Documentation Structure

1. Core Theory

formalism.md

Mathematical foundations of the projection system

Contents: - Basic definitions (corpus, context, language model) - Projection theory (projections as corpus-aware transformations) - Corpus augmentation (normal forms) - Projection-augmentation duality theorem - Projection algebra (composition operations) - Canonical augmentations (case, whitespace, Unicode) - Complexity analysis (space-time tradeoffs) - Projected language models - Future directions (learnable, semantic, adaptive projections)
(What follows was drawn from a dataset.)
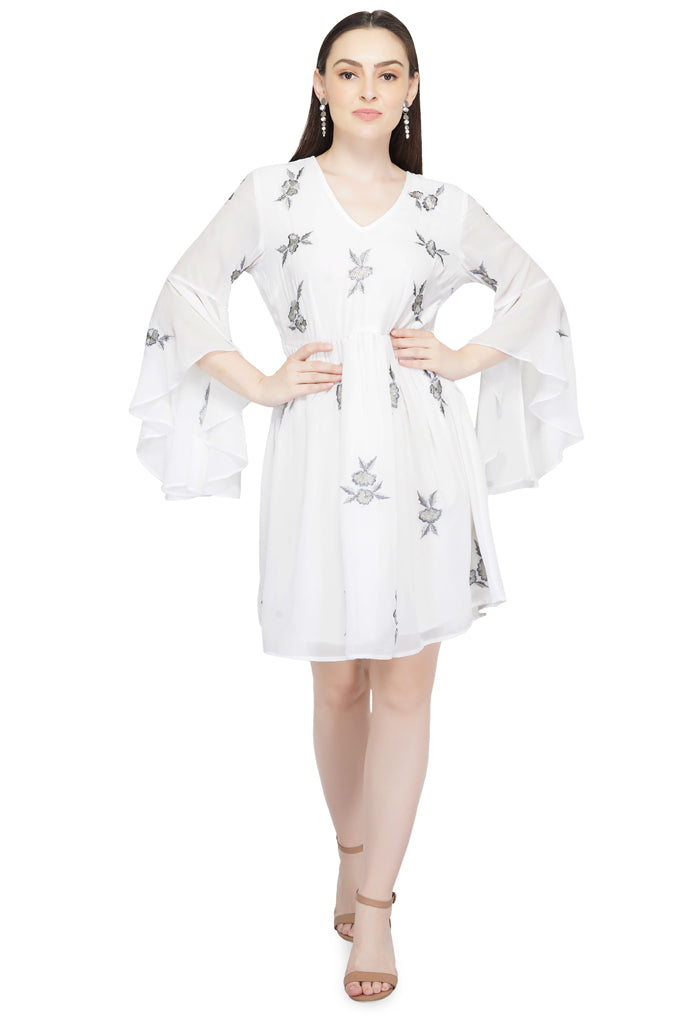 rose embroidery summer white mini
Key Concepts: - Projection: \(\pi: \Sigma^* \times 2^{\Sigma^*} \to \Sigma^*\) - Augmentation: \(\alpha: 2^{\Sigma^*} \to 2^{\Sigma^*}\) - Duality: \(\text{LMS}(\pi(x, C), C) = \text{LMS}(x, \alpha(C))\) - Composition: \(\pi_1 \circ \pi_2\), \(\pi_1 \sqcup \pi_2\)

Read this: For mathematical understanding and theoretical foundations.


2. Canonical Augmentations

augmentations.md

Catalog of standard corpus augmentations (normal forms)

Contents: - Case normalization (lowercase, uppercase, titlecase) - Whitespace normalization (collapsing, stripping) - Unicode normalization (NFC, NFD, NFKC, NFKD) - Punctuation handling (removal, normalization) - Composite augmentations (standard, aggressive) - Language-specific augmentations (ASCII folding) - Augmentation composition (sequential, parallel) - Recommended augmentation sets - Space-time tradeoffs - Implementation checklist - Testing strategy

Key Augmentations: - LowercaseAugmentation - Case-insensitive matching (2× corpus) - CaseAugmentation - Full case coverage (4× corpus) - WhitespaceAugmentation - Format robustness (2× corpus) - NFCAugmentation - Unicode handling (2× corpus) - StandardAugmentation - Recommended default (≈8× corpus)

Read this: For practical augmentation implementation guide.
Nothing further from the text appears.